1929 krizi tekelci devlet kapitalizminin ilk büyük krizidir. Bu krizin sonuçlarından bir tanesi de ne olmuştur, İkinci Dünya Savaşı olmuştur. İkinci Dünya Savaşı’ndan sonra ulus devletlerin hiyerarşisi (Amerika’ya dayalı) oluşmuştur. Amerika İkinci Dünya Savaşı sonrası kapitalist sistemin belki tek ekonomik gücü olarak ortaya çıkmıştır. Ve onun karşıtı gibi görünen, ama diğer taraftan tamamlayan Sovyetler ortaya çıkmış ve Sovyetler’le Amerika arasındaki soğuk savaş, sistemi önemli ölçüde 1980’lerin sonlarına kadar götürmüştür.

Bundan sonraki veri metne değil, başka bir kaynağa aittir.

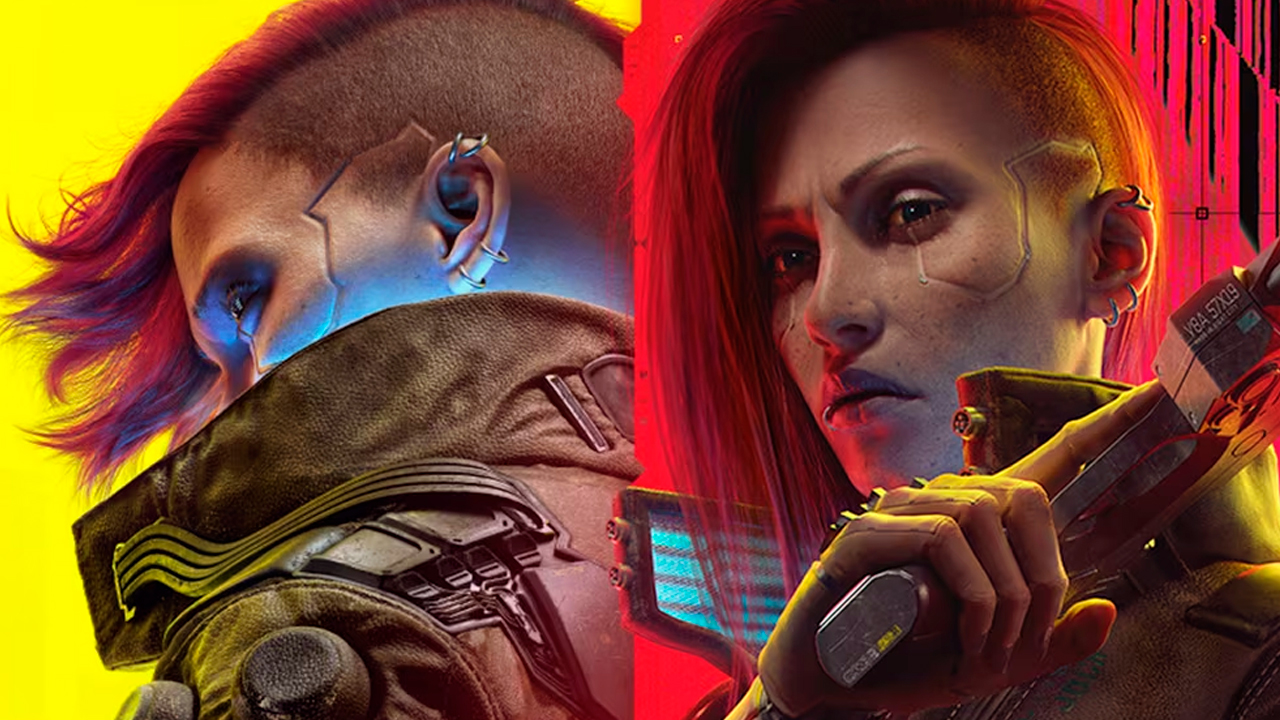 Cyberpunk 2077 Estrenará Edición Ultimate Con Un Detalle Curioso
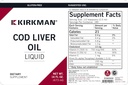 kirkman-cod-liver-oil-liquid---unflavore-3.jpg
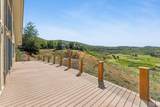 9246 Par Ct - Photo 8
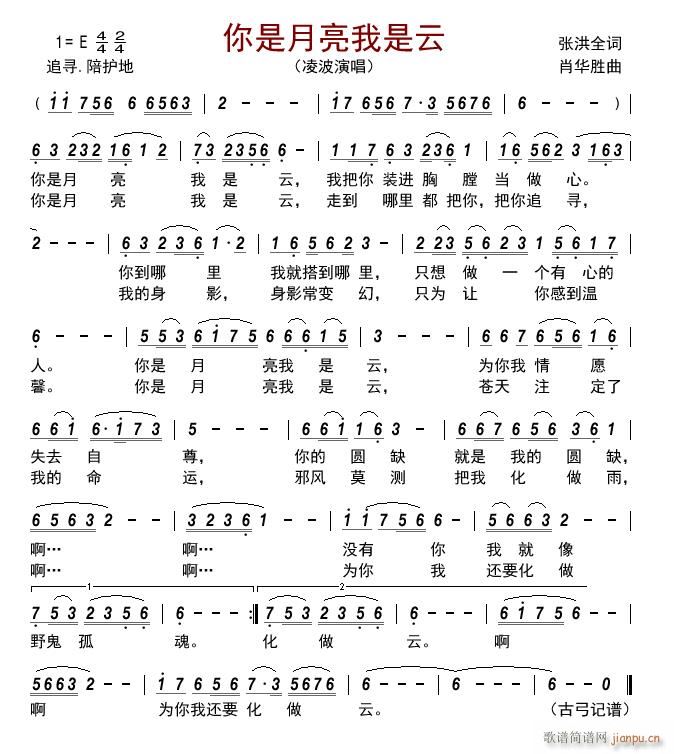 ��������������(���ָ��V)1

1989’da Berlin duvarının yıkılması yeni bir çığır açmış ve onun beyaz dalgaları Arap Baharı diye tabir edilen olaylar düzlemine de etki etmiştir. Kısaca sistem kendi karşıtını kendi kriziyle birlikte oluşturuyor. Ama Bediüzzaman başta olmak üzere çeşitli düşünürler kapitalizm sonrasının mümkün olduğunu, kapitalizm sonrasının nasıl olabileceğine dair başlıklarını bir ölçüde anlatmıştır. Ama bunu bir şekilde formüle etmekten öteye gitmemişlerdir. Bunun nedeni de yaşadıkları çağın sıkıntısı. Çünkü ulus devletler sistemi vardı."